Meine Damen und Herren! Es wird nicht funktionieren. Diese Leute werden unsere Rentensysteme nicht sichern. So wird auch die Integration nicht funktionieren. Die SPD kann sich freuen, weil die Türken in Deutschland prozentual die größte SPD-Wählergruppe sind.
Welche Folgen wird das haben? Es wird Folgen haben. Wenn wir den Sozialstaat in Deutschland für jeden Erdenbürger offenhalten, der es irgendwie hierher schafft, dann wird er überdehnt und wird zerfallen; denn man kann mit begrenzten Ressourcen nicht unbegrenzte Ergebnisse erwirtschaften. Das ist Mathematik. Dafür muss man noch nicht einmal in der Schule sein, um das zu verstehen. Wenn diese Leute nicht in Arbeit kommen, wenn sie bei uns auch nicht ankommen, werden sie frustriert sein. Sie werden radikalen Predigern auf den Leim gehen. Sie werden sich radikalisieren. Sie werden sich ihren gesellschaftlichen Rückhalt in Parallelstrukturen, in Parallelgesellschaften suchen. Das sehen wir nun schon in den westdeutschen Großstädten. Machen Sie doch nicht die Augen zu vor dem leider Offensichtlichen.
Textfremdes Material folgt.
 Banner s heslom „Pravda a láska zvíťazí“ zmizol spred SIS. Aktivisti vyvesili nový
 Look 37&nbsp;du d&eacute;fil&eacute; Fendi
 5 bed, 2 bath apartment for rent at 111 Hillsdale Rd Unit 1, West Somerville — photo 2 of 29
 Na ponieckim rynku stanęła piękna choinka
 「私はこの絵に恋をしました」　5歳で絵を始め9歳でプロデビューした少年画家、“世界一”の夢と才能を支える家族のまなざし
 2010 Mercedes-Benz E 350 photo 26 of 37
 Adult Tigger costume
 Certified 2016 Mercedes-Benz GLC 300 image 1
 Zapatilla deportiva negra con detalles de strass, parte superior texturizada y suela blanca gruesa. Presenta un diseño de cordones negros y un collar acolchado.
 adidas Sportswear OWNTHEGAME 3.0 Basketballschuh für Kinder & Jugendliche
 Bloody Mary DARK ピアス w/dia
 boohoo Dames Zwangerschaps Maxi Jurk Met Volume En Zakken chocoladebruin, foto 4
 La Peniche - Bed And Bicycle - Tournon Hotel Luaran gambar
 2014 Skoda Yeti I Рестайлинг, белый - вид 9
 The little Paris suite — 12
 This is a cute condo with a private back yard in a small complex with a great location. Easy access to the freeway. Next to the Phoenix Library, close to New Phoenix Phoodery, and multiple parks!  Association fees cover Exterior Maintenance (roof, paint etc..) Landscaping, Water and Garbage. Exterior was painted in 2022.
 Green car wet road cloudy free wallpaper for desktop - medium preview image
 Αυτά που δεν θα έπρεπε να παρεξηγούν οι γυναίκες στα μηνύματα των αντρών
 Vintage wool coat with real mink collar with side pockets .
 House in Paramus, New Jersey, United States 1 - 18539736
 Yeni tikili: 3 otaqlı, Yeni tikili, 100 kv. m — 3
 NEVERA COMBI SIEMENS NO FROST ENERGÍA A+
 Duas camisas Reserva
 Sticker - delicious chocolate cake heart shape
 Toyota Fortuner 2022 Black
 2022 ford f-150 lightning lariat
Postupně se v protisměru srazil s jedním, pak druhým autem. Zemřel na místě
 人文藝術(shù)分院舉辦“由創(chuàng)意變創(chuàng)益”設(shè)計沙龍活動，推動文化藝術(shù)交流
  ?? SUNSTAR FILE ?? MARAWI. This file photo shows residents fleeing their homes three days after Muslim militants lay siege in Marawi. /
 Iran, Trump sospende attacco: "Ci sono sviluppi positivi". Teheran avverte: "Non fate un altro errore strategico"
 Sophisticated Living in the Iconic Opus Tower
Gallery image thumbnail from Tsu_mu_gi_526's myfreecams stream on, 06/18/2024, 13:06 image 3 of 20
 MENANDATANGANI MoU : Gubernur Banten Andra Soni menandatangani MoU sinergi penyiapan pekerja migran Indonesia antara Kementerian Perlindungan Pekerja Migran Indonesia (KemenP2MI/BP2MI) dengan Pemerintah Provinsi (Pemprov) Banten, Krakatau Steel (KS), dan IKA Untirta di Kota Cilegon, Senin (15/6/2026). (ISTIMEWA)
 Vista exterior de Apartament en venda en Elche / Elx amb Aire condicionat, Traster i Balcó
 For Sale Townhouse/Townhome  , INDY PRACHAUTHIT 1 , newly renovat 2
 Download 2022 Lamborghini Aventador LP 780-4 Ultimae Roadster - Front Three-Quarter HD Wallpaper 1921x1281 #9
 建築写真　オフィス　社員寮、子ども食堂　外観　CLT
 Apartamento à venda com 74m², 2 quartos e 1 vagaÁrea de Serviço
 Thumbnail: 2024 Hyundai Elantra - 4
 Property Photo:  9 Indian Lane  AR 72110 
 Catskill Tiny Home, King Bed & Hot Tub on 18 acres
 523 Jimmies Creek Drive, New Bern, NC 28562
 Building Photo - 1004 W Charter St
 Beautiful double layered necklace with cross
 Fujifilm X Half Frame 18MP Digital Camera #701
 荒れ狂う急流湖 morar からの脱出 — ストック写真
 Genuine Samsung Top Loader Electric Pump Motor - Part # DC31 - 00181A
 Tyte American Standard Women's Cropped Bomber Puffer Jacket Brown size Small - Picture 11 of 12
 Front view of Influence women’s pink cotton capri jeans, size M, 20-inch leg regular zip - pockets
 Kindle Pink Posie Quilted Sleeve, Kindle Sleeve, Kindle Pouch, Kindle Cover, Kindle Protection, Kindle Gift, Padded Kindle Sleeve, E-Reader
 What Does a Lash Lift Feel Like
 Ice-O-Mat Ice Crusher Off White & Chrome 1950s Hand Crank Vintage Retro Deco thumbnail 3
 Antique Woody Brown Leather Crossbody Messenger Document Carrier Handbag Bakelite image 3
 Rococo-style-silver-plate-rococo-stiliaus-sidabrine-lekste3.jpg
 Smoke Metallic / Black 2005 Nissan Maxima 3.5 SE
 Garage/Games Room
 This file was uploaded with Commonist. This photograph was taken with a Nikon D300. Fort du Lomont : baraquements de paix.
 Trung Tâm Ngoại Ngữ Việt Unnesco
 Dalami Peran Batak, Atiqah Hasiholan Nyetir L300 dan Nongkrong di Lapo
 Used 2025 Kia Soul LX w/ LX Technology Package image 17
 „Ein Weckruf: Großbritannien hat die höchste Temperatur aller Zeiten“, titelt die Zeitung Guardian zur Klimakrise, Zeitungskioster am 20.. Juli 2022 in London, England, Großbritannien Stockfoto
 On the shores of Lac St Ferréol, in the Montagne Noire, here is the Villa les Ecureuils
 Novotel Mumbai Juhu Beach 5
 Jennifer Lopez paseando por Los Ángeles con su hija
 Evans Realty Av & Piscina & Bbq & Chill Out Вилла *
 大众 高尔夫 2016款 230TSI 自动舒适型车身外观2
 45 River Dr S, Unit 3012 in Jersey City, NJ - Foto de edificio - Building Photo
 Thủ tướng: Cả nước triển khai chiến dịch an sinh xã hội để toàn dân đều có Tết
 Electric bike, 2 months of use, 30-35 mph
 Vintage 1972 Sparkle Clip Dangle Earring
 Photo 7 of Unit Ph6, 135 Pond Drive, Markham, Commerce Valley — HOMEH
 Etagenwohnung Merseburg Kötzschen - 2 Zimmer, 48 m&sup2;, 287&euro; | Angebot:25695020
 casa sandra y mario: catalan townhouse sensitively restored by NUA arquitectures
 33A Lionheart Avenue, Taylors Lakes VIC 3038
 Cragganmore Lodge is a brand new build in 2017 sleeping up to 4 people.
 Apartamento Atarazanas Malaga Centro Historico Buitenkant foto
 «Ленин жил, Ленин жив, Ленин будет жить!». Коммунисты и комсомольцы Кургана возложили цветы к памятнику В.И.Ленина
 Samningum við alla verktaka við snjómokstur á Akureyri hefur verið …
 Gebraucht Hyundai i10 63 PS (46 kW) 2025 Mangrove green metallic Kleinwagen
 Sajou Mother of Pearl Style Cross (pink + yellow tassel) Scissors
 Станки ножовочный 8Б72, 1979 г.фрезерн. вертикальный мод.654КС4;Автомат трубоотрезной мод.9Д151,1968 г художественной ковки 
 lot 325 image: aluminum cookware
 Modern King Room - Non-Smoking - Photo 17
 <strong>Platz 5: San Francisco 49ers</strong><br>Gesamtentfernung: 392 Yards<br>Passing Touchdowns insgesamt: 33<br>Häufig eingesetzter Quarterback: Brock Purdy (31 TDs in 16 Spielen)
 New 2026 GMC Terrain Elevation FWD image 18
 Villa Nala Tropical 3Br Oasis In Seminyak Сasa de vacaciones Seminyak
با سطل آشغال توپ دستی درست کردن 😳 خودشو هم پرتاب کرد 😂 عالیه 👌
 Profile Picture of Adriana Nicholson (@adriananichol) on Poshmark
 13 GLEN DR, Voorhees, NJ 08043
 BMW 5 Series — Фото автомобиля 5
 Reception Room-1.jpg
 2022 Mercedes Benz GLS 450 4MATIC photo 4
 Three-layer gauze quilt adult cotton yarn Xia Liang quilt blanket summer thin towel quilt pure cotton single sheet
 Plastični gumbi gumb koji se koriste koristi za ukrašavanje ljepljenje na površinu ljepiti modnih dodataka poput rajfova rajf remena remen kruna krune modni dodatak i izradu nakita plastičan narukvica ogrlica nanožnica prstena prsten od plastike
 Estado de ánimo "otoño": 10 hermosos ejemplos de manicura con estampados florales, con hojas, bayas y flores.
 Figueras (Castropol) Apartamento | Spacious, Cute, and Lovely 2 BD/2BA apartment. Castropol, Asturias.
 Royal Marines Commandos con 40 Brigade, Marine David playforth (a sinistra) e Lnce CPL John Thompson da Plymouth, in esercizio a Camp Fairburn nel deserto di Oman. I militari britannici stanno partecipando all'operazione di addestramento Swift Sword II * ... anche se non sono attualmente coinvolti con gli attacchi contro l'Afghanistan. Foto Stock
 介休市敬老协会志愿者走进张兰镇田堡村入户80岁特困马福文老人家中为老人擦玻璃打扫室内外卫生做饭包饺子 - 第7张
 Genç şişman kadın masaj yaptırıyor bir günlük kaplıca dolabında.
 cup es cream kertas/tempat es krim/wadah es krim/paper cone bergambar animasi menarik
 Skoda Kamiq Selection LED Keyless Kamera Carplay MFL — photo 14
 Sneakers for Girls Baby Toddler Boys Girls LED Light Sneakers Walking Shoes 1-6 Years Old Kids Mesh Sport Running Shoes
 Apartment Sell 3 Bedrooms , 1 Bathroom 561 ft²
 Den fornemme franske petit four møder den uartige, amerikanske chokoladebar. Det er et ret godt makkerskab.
Herr Wippel, würden Sie mir recht geben, dass die Gefahr von Radikalisierung und sozialem Abrutschen bei allein hier lebenden Personen größer ist, als wenn sie auf ein familiäres Umfeld zurückgreifen könnten?
Herr Kollege Pallas, möglicherweise könnte das so sein. Aber da wir die Erwartung haben, dass diese Leute nach Hause gehen, wenn der Krieg vorbei ist, und wir sie dann auch im Notfall nach Hause begleiten wollen, und das auch gegen ihren Willen, sehe ich diese Gefahr tatsächlich nicht, wenn die AfD ihr Konzept umsetzen könnte.
Sehen wir aber einmal, dass durch so etwas Clan-Strukturen gestärkt werden könnten. Wir haben jetzt schon in Deutschland Friedensrichter. Es gibt No-go-Areas für die Polizei. Es gibt in Berlin die Scharia-Polizei.
Das wird mir sogar von Leuten erzählt, die grundsätzlich erst einmal unpolitisch sind. Sie sagen, sie fühlen sich nicht mehr wohl. Wir haben die Fehden, es gibt die Blutrache, und unseren Richtern wird nichts mehr erzählt. Unseren Staatsanwälten wird nichts erzählt. Damit überfordern wir unseren Rechtsstaat. Wir überfordern den Rechtsstaat und den Sozialstaat. Das ist der Grund, warum unser Land erfolgreich ist, warum wir diese Ressourcen im Moment überhaupt haben, um Menschen helfen zu können. Sie ziehen uns hier den Boden unter den Füßen weg mit Ihrer Politik, wenn sich da nichts ändert. Wir wollen das ändern und wir wollen, um Peter Scholl-Latour einmal zu bemühen, nicht Kalkutta werden.
Das war Herr Kollege Wippel. Er sprach für die einbringende AfD-Fraktion. Gibt es noch weiteren Redebedarf in der gerade eröffneten zweiten Runde? – Das kann ich nicht erkennen. Dann hat die Staatsregierung jetzt das Wort. Es ergreift Herr Staatsminister Ulbig.
Sehr geehrter Herr Präsident! Meine sehr verehrten Damen und Herren Abgeordneten! Im Moment haben wir offenkundig inflationär viele Anträge bzw. Tagesordnungspunkte, die sich mit diesem Themenkomplex beschäftigen. Unsere unterschiedlichen Positionen müssen wir dann regelmäßig bei diesen Tagesordnungspunkten austauschen. Das gehört zu einer Debatte. Ich will meinen Beitrag als Staatsminister nutzen, um ein paar Fakten und ein bisschen Licht in das ganze Zahlengewirr zu bringen.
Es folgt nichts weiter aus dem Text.